Thanksgiving Letter

Some people like to get a jump on sending out Christmas letters by sending out Thanksgiving letters instead. Here's one passed along to us recently.

Dear All,

Chef Gordon Ramsay would be proud. Todd, Ted, Daniela and I managed to create a delicious Thanksgiving meal despite our horrifying lack of experience, equipment, and the confounding uber-organic Turkey, which we discovered upon unwrapping still had it's [sic] feathers on! A quick call to Jen and Judy reassured us that the feathers, while annoying, would not ruin the meal.

We ate 2 hours late because when they say 20 minutes per pound, they lie! But, it was scrumptious and we had a great time.

Annie has become a very smiley baby especially in the last week. She smiles after being fed, after producing a particularly stinky diaper (as if to say..."Ha! Now change THAT!") and Molly and Daddy are completely hilarious.

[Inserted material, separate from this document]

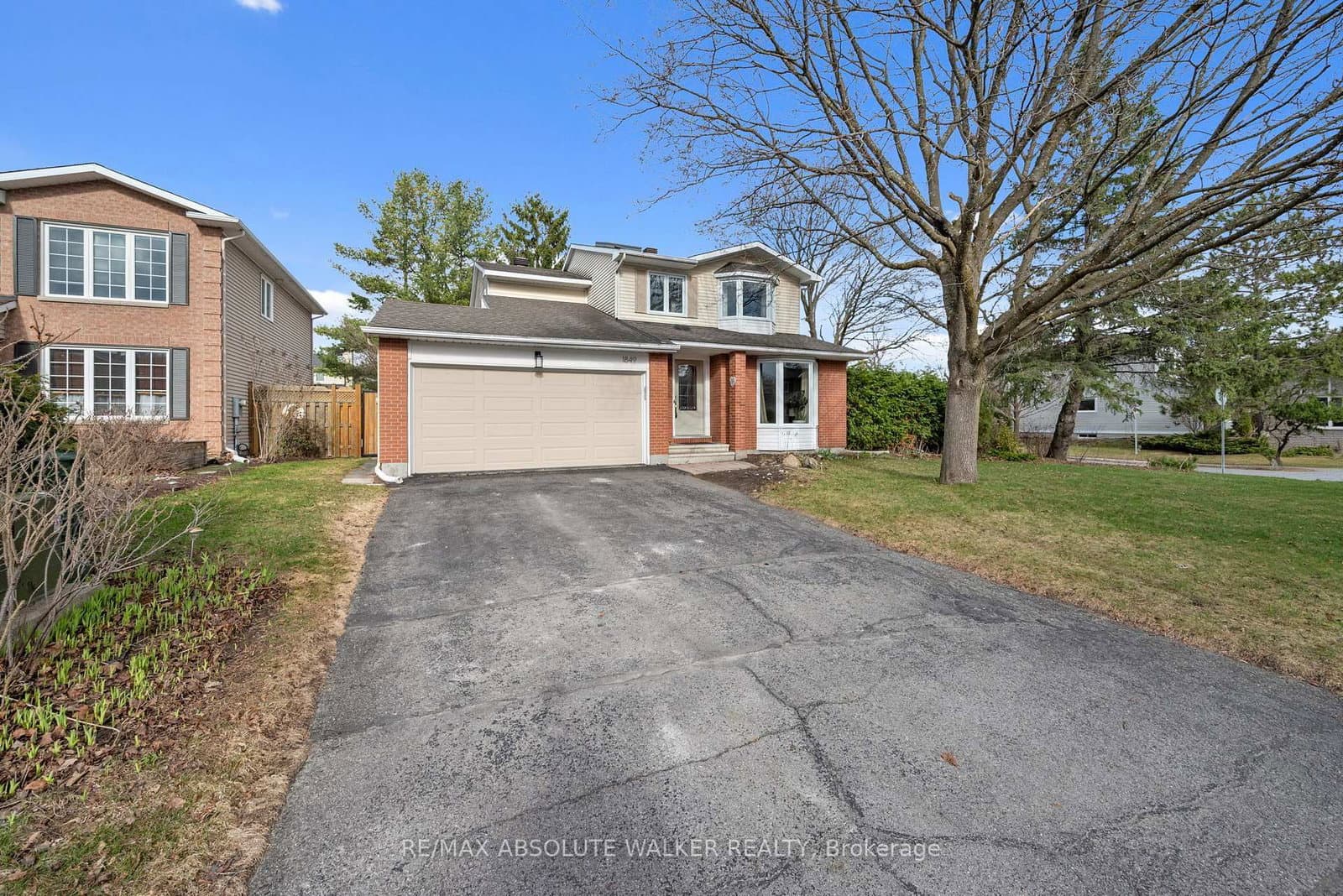 1849 Montereau Avenue, Ottawa, ON — photo 2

Annie also has the special talent of doing a great imitation of Grampa Walsh. We think of him often when she gets a little Irish twinkle in her eye or when she gives us that "You're a half-wit." look. We pulled out a special Thanksgiving newsletter/gaelic lesson he sent to the grandchildren in 2001 and thought it might be fun to share in the spirit of the holiday. The text is in the post script below.


Ashley, Teddy, Molly and Annie

P.S. From Grampa Walsh - Thanksgiving 2001

Ciotach no Deisealach

You may have noticed your grandmother's shoes scattered around the house, on the porch and in her car. She has numerous dozen pairs and usually goes barefoot in the house and around the yard but does put them on to go downtown, etc. The other day she came home in the evening and announced that she had worn two left shoes all day long *(same color) and they were very comfortable. It was then that I noticed, for the first time, that the big toe on her right foot was on the outside and the little toe inside. No wonder her feet felt better with two left shoes. Now I understand at least part of the reason she has been in such a mean, miserable mood for the last sixty-eight years. (SORRY GRAMMIE)

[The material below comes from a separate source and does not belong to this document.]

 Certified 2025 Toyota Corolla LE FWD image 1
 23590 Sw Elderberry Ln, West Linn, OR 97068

In the spirit of Thanksgiving, you may express your gratitude for this epiphany by sending a tax free contribution to:

(address deleted)

(below that he drew check boxes ranging in amount from $1,000 to Other $)

Another true story:

I saw a little girl in the office the other day and asked her how she was. She said, "I'm fine, thank you."
I said, "Why don't you ask me how I am?"
She said, "Because I don't care."

Seanathair, Altu (Thanksgiving) 2001.